Groundhog Day
Shadow dept.
The Groundhog Day thing has gotten completely out of hand.
When I first heard about it, in first or second grade, I immediately found it suspicious.
“If the Groundhog sees his shadow,” they told us, “He is scared, and runs back in his hole, and we get 6 more weeks of winter.”
If you live in California, or Florida, or Bermuda or whatever, six more weeks of winter is not a big deal. You keep lounging by the pool, and playing croquet outdoors, or surfing and the like.
But in Iowa, or Buffalo, six more weeks of winter is a very big deal.
And so at the age of six or seven, I raised my hand in class and asked the question that was burning inside me:
“If the groundhog sees his shadow, doesn’t that mean the sun’s out?

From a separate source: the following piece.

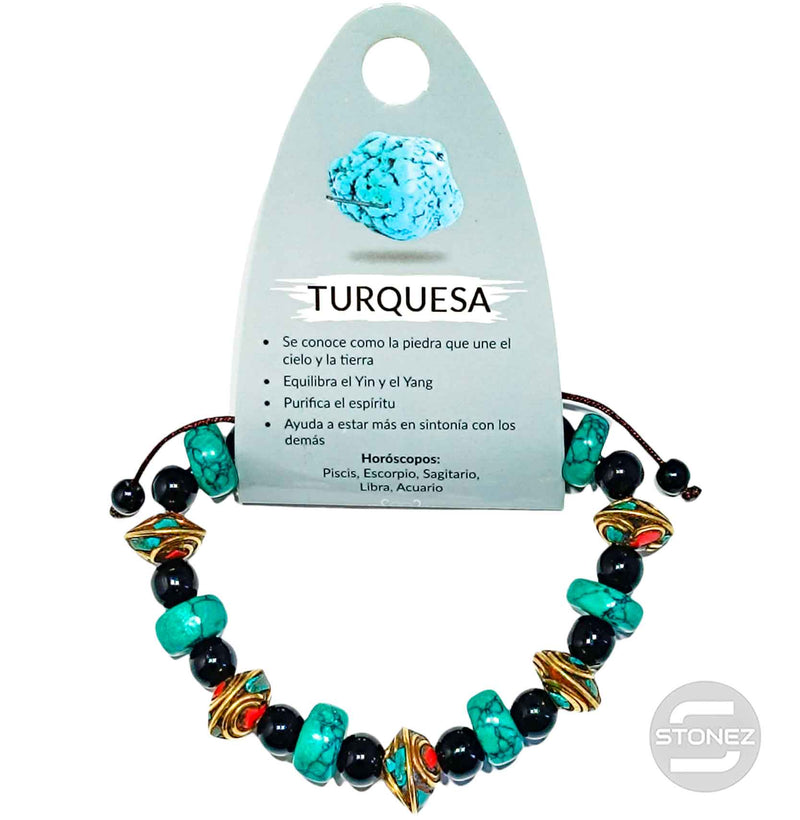 Load image into Gallery viewer, 600401783 Pulsera Adaptable Macramé Cuentas Tibetanas Y Turquesina (Los modelos pueden variar como en la foto)
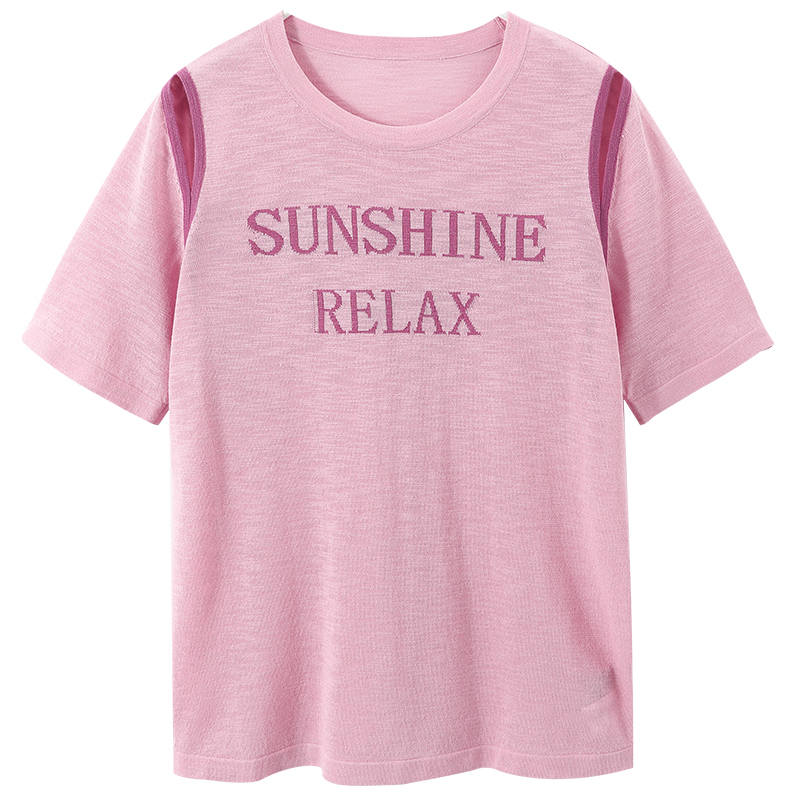 XIANGYING T Shirts Women's Pink Crew Neck Moderate Straight Fit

Shouldn’t that portend an earlier end to winter?”
I may not have used the word “portend,” although I might have, and it might be a clue as to why I had few friends. But in any case. You get the idea.
I do not recall ever receiving a dignified answer. I believe there were chuckles, from both the teacher and my fellow students, and we moved on. The curriculum continued. My point was not addressed.
I may have asked the question again, in another class, in another year. I’m not sure. The thing with Groundhog Day is it only comes once every 365 days. Unlike the famous Bill Murray film that everyone knows, and everyone loves, and everyone watches every year, the way we actually experience Groundhog Day is that it comes and it goes. Other than on the Day itself, we don’t think about it much.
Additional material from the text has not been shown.